Let’s Get Some Data!

Yesterday, I showed how to install and configure Polybase.  Today, we’re going to do two things:  get a small data set (for Polybase testing) and get a large data set (for some real testing).  Tomorrow, we’re going to use Polybase (finally!) to grab some data.

Get Data!

We are going to build a data set of second basemen from the BattingRatings.csv file in my Hadoop Integration Github repo.  This is a small data set with a lot of columns, so we’re going to upload the file, create a Hive table, and then grab a subset of the data.

Upload via Ambari

Connect to Ambari, which is on port 8080 of your Hortonworks  sandbox.  Then, go to the HDFS files section.

AmbariHDFS.png

Once you’re there, let’s create a directory and upload a file.  Go to the tmp directory and then click the “New Directory” button near the top right-hand side of the screen.  We’ll first create a directory called ootpoutput (which we’ll use soon), and then create a directory called ootp (noting that this is case sensitive!).  Inside that directory, we’ll upload BattingRatings.csv.
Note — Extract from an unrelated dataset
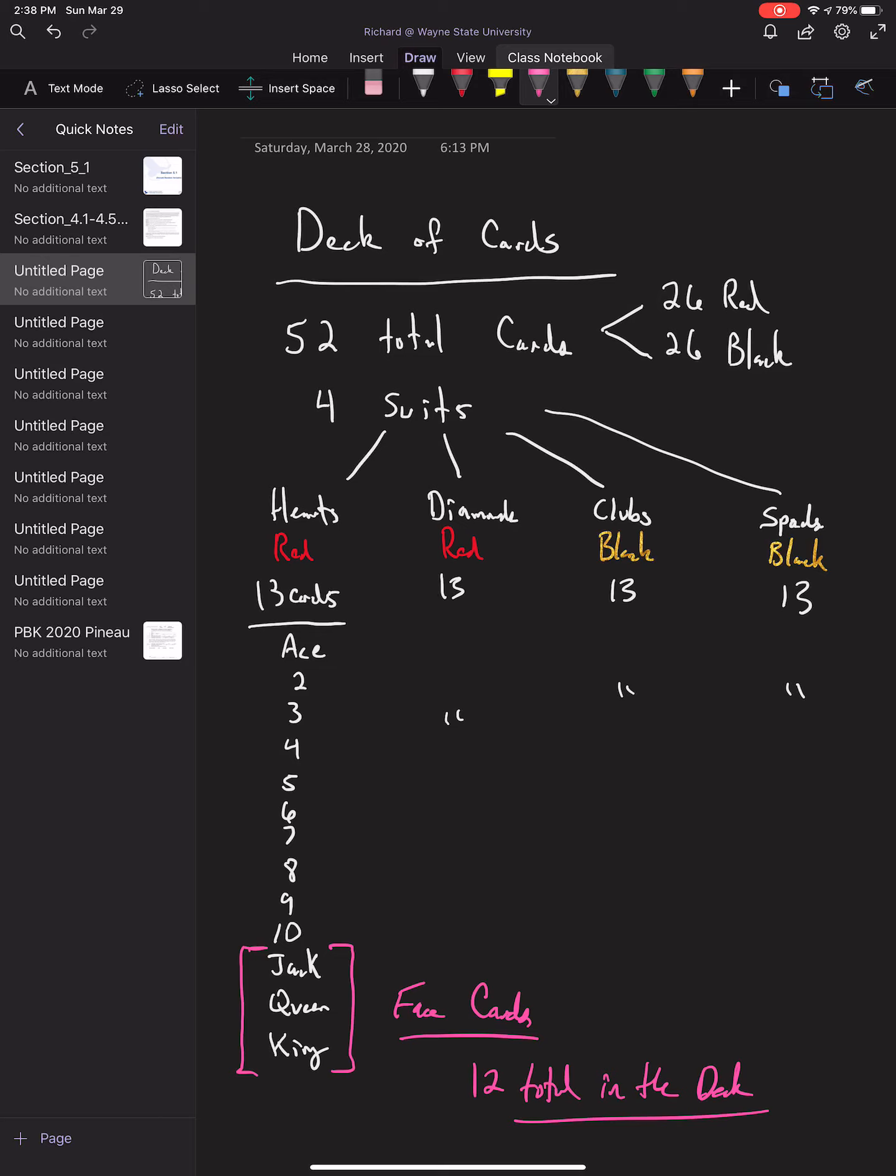One other fact, aside from the face cards, is that there are four of every card in the deck. That means there are four aces, four twos, four threes, four fours, four fives, et cetera—one for each of the suits. That's how the deck of cards is organized. Thank you.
Create BattingRatingsPerm Table

We’re going over to Hive next to create a table.  In the same drop-down, go to Hive View.  This gives us a web interface to send Hive scripts.  It’s no SSMS, but it’ll do.

AmbariHive

In the main box, we’re going to create a new table called battingratingsperm.  Run the following code:

CREATE TABLE `battingratingsperm`(
`firstname` string,
`lastname` string,
`age` int,
`bats` string,
`throws` string,
`speed` int,
`stealing` int,
`baserunning` int,
`position` string,
`contact` int,
`gap` int,
`power` int,
`eye` int,
`strikeouts` int,
`hbp` int,
`babip` int,
`contactr` int,
`gapr` int,
`powerr` int,
`eyer` int,
`strikeoutsr` int,
`hbpr` int,
`babipr` int,
`contactl` int,
`gapl` int,
`powerl` int,
`eyel` int,
`strikeoutsl` int,
`hbpl` int,
`babipl` int,
`contactpotential` int,
`gappotential` int,
`powerpotential` int,
`eyepotential` int,
`strikeoutspotential` int,
`infieldrange` int,
`infieldarm` int,
`infielderror` int,
`turndoubleplay` int,
`outfieldrange` int,
`outfieldarm` int,
`outfielderror` int,
`catcherability` int,
`fieldexperiencec` int,
`fieldexperience1b` int,
`fieldexperience2b` int,
`fieldexperience3b` int,
`fieldexperiencess` int,
`fieldexperiencelf` int,
`fieldexperiencecf` int,
`fieldexperiencerf` int,
`fieldratingc` int,
`fieldrating1b` int,
`fieldrating2b` int,
`fieldrating3b` int,
`fieldratingss` int,
`fieldratinglf` int,
`fieldratingcf` int,
`fieldratingrf` int)
ROW FORMAT DELIMITED
FIELDS TERMINATED BY ','
LINES TERMINATED BY '\n'
STORED AS INPUTFORMAT
'org.apache.hadoop.mapred.TextInputFormat'
OUTPUTFORMAT
'org.apache.hadoop.hive.ql.io.HiveIgnoreKeyTextOutputFormat'
TBLPROPERTIES("skip.header.line.count"="1");

LOAD DATA INPATH '/tmp/ootp/BattingRatings.csv' OVERWRITE INTO TABLE battingratingsperm;

So let’s walk through this code.  The CREATE TABLE statement looks pretty similar to a T-SQL CREATE TABLE statement, except that I am using backticks to delimit fields rather than brackets.  These aren’t absolutely necessary (because I’m not using any special characters in the field names) but The More You Know(tm).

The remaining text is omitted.